Madhurita Sengupta, MPA
In January 2004, President Bush announced his Vision for Space Exploration, setting forth executive policy that would send us back to the moon and onto Mars. Though it meant that the end of the Shuttle Program – created in 1981 – was imminent, this promise ignited hope and inspiration in those of us who spent their youths dreaming of “slipping the surly bonds of Earth” (to quote Magee by way of Reagan) and setting foot on extraterrestrial soil, while honoring the legacy of those who’ve made space exploration possible.
And yet, on February 1, 2010, the fabric of our nation’s space program was effectively rewoven, as President Obama announced a new plan for the future of NASA. Constellation, the program that would take us to the moon and onto Mars, was abruptly cancelled. In its place, a crop of commercial efforts would soon be undertaken to ferry US crew and cargo to the International Space Station, effectively freeing resources for NASA to concentrate on developing the next generation of launch and crew vehicles and advanced technologies for future missions. In the meantime, as predicted, the shuttle program officially ended in August of this year, one month after the final flight of the space shuttle Atlantis. (Currently, without a shuttle program, the Russian Soyuz vehicle is our sole mode of transportation to the Space Station, for which the US pays on the order of $60M per seat.)
Many protested Obama’s radically different plan and today, a year and a half after that announcement, NASA sits at a pivotal juncture – one that will determine the future of our nation’s human spaceflight program. The recently passed FY12 budget promised the agency $17B for the fiscal year (which equates to roughly $0.005 per taxpayer), but NASA remains at an impasse. In this budget, Congress has not only cut funding to the commercial efforts, but also attached conditions to this funding contingent on progress made in the development of the next generation launch/crew vehicle, effectively forcing NASA to extend the schedules of both programs, or prematurely choose one commercial provider over another.

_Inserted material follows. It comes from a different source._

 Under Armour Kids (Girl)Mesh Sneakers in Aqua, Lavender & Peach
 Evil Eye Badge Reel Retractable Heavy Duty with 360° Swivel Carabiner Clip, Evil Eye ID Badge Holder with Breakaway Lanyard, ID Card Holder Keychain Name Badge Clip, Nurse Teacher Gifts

Regardless of funding allocations, we, as a nation, now have the opportunity to set the course for the future of human space exploration. Never before has NASA been faced with such apathy and lack of support and funding; and yet, it presents the agency and the nation with a challenge to overcome. How can NASA prove to the administration, Congress, the American public, our international partners, and the rest of the world that it is truly capable of pioneering the future of human spaceflight? Moreover, how can NASA demonstrate that investments in science and technology today are apt to yield dividends of various magnitudes for years to come?
Since the inception of the US human spaceflight program, countless individuals have devoted their livelihoods to further the cause of exploration, to test the limits of mankind’s knowledge and experience, and to expand the boundaries of our terrestrial existence. NASA has been, is, and forever will remain an agency of people who believe in space exploration. It is a collective group of passionate, dedicated workers who are inspired by the contributions of spaceflight to humanity. It is men and women who were awed by Sputnik, by Neil Armstrong’s first steps, by the first joint Russian-American venture in space, by the space shuttle’s maiden voyage, by the building of the International Space Station, piece by piece, before our eyes and who are still inspired on a daily basis by the feats that they themselves help accomplish. They are motivated by man’s innate desire to achieve the impossible, to paraphrase Kennedy, not because it is easy, but because it is hard.
Our nation now has the opportunity to draw on all of our many impressive years of experience and inspire others to not only marvel at our ingenuity and initiative, but to contribute and invest in it. With the end of the shuttle program, we now stand at a crossroads, at which we are fortunate to have the opportunity to honor those who have given their lives to help mankind escape the gravitational bonds that have tethered us to this lustrous planet for centuries, and explore the recesses of the unknown, bit by bit, in order to understand, appreciate, and provide for our species. No matter what path we ultimately take, let us not forget that we are all passionate about many common things; let us not ignore our inner child, who declared his/her desire to become an astronaut at age eight; and all the while, let us honor the legacies of the past, by embracing the possibilities and potential of the future. We owe those who have sacrificed their lives for the advancement of mankind, who accomplished seemingly impossible tasks, at the very least, that much.